• **Goal of the exercise**
Span requested from the data below: the line with "Handsome young bearded" through the line with "Wooden sauna interior", both included. Give only these lines again, exactly, and leave every picture out.

• **Source data**
:::::

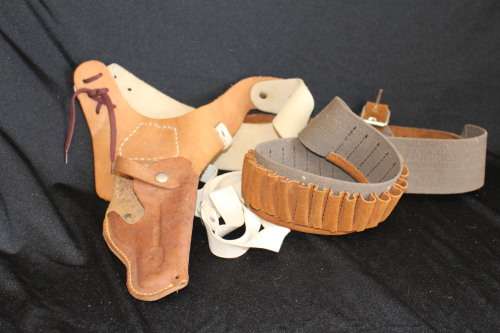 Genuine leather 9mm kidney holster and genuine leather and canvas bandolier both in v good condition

:::::

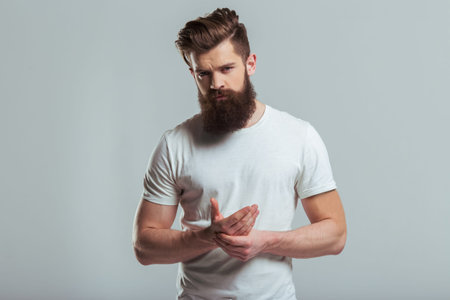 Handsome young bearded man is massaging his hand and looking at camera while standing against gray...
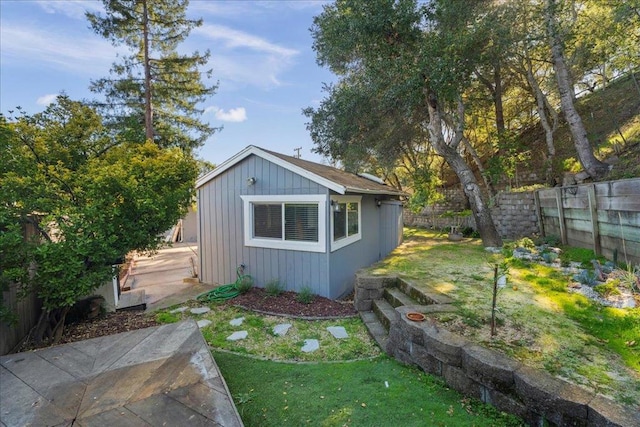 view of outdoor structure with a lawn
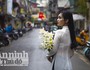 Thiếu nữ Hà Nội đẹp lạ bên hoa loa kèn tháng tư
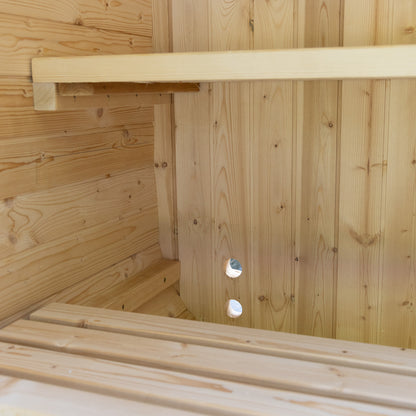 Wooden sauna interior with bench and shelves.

:::::

• **Written answer**
 Handsome young bearded man is massaging his hand and looking at camera while standing against gray...
 view of outdoor structure with a lawn
 Thiếu nữ Hà Nội đẹp lạ bên hoa loa kèn tháng tư
 Wooden sauna interior with bench and shelves.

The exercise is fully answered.